Vitaal ZorgVast werkt bij dit woon-zorgconcept samen met belegger Syntrus Achmea, die vanaf het begin bij de conceptontwikkeling is betrokken. Zo kon de belegger de ideeën over courant vastgoed direct inbrengen. Het is de bedoeling dat er een aantrekkelijke eindwaarde voor het gebouw uitkomt, die de financiering ten goede komt. Kingma: ‘Mijn Buurtschap kan na een huurperiode van 15-20 jaar prima worden afgestoten door de zorginstelling. Wij kunnen het gebouw dan met minimale inspanningen weer terugbouwen naar een normale woning.’
Nauwe samenwerking met ziekenhuizen kan ertoe leiden dat deze zorginstellingen en hun directe omgeving beter gaan renderen door ze te combineren met andere (zorg) functies.
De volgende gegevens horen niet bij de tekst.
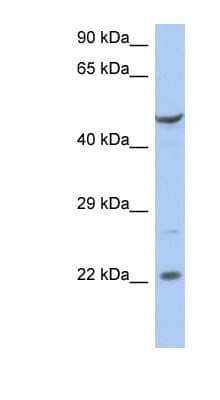 Western Blot: ZNF826P Antibody [NBP1-91369] - Titration: 0.2-1 ug/ml, Positive Control: PANC1 cell lysate.
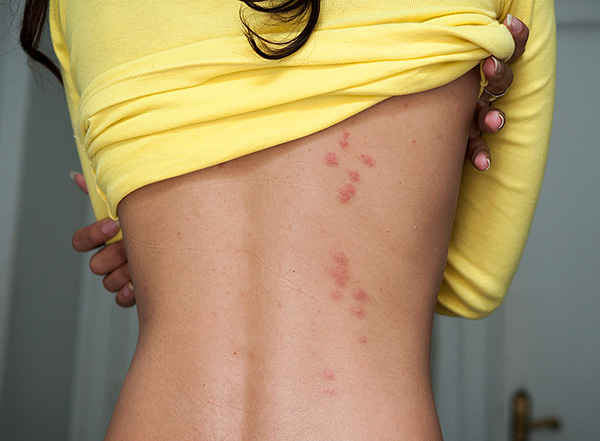 Les piqûres de punaises de lit s'alignent souvent en traces caractéristiques sur le corps, puisque chaque individu mord généralement plusieurs fois.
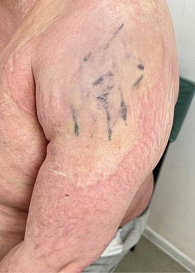 Рис. 4. Пансклеротическая склеродермия. Крупные очаги индурации на плечах, множественные стрии, атрофия кожи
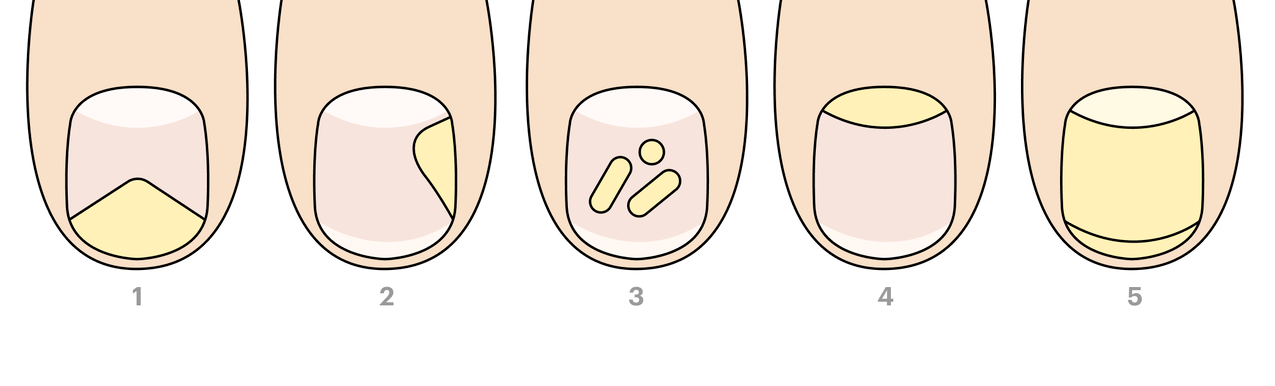 kāju nagu sēnīšu veidi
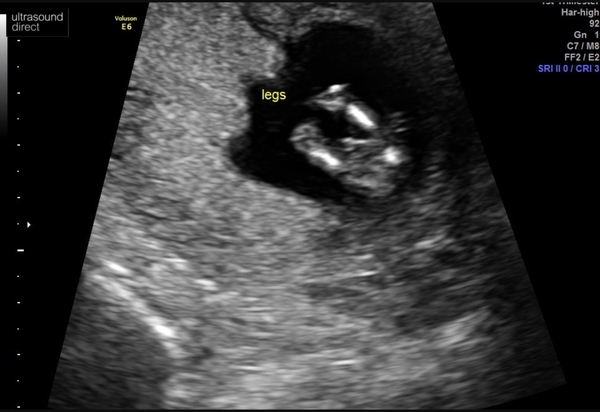 Any gender guesses?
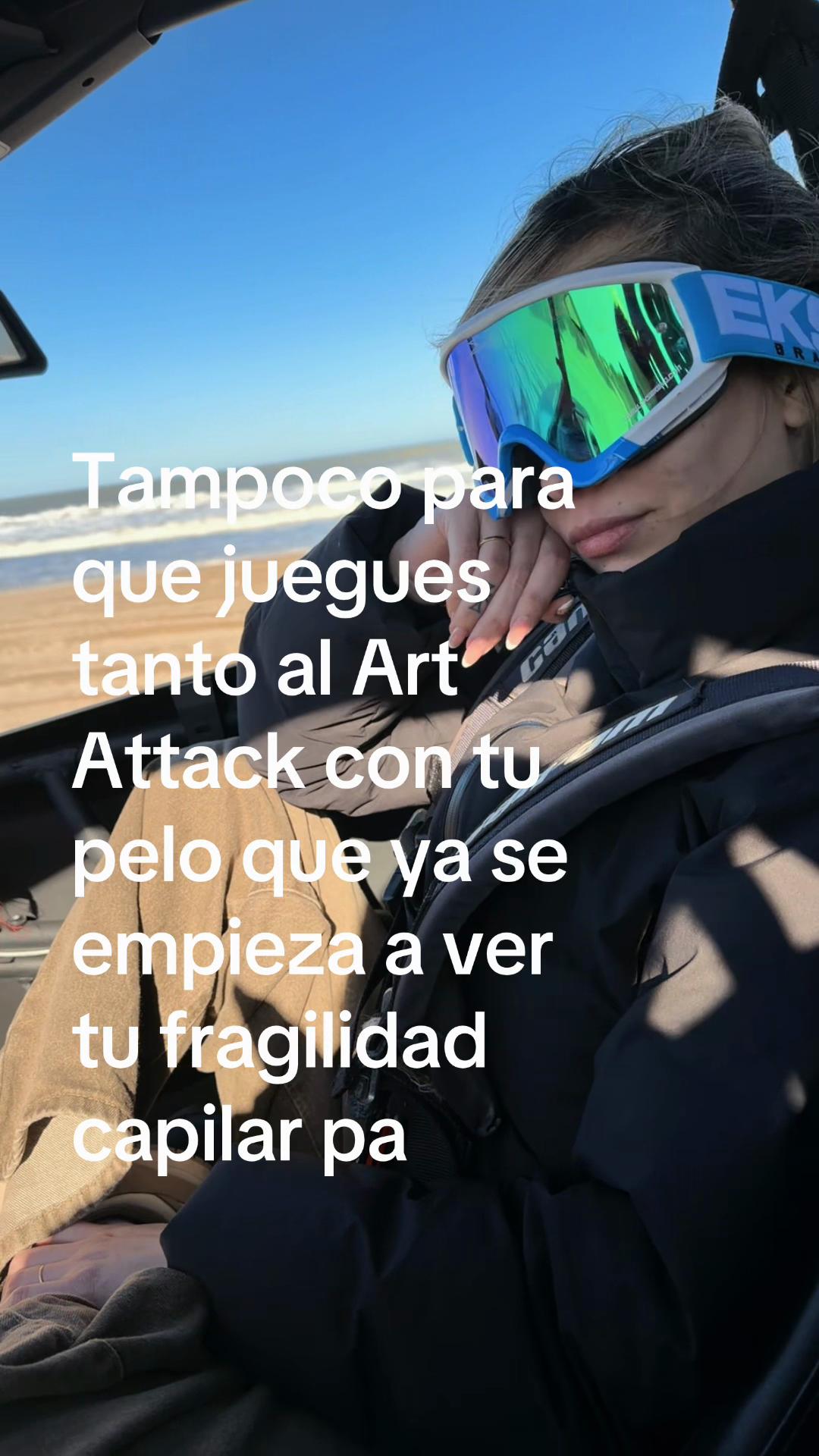 @Anto Teves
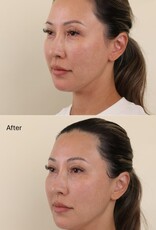 Tetrapeptide Lifting Gel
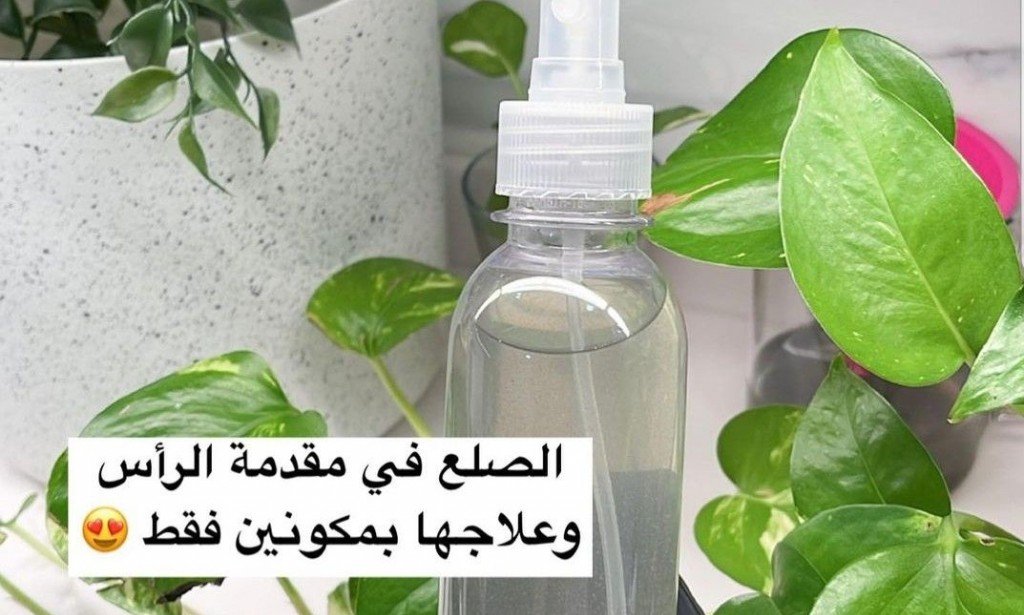 علاج الصلع بمكونين فقط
Zo sloot Vitaal ZorgVast vorig jaar een samenwerking met het Zaans Medisch Centrum voor de ontwikkeling, bouw en onderhoud, energie en schoonmaak van het ziekenhuis voor 25 jaar. Het nieuwe ziekenhuis wordt gecombineerd met een zorgboulevard. De nieuwbouw krijgt een vloeroppervlak van circa 40.000 m² en wordt gerealiseerd op het huidige terrein van het Zaans Medisch Centrum. Na de ingebruikname van de nieuwbouw wordt het oude ziekenhuis gesloopt. Volgens planning moet het ziekenhuis in 2016 klaar zijn.
Kingma: ‘Veel ziekenhuisterreinen zijn onderbenut en worden vrijwel uitsluitend gebruikt door bezoekers om hun auto’s te parkeren. Door de grond intensiever en efficiënter te gebruiken en gebruik te maken van de aantallen bezoekers kunnen we financieel voordeel behalen. Maar hiervoor geldt ook dat zo’n gebiedsontwikkeling verschilt per locatie. Het ene ziekenhuis zal ervoor kiezen om samen met gezondheidscentra met daarin huisartspraktijken, een apotheek en andere zorgaanbieders de krachten te bundelen. Andere kiezen voor een combinatie van niet-commerciële en commerciële organisaties als winkels, horeca en kinderopvang. De mogelijkheden zijn legio, maar zijn afhankelijk van de wensen en eisen van de individuele locatie, de plaatselijke gemeenschap, de afspraken met de gemeente en de propositie van het ziekenhuis.’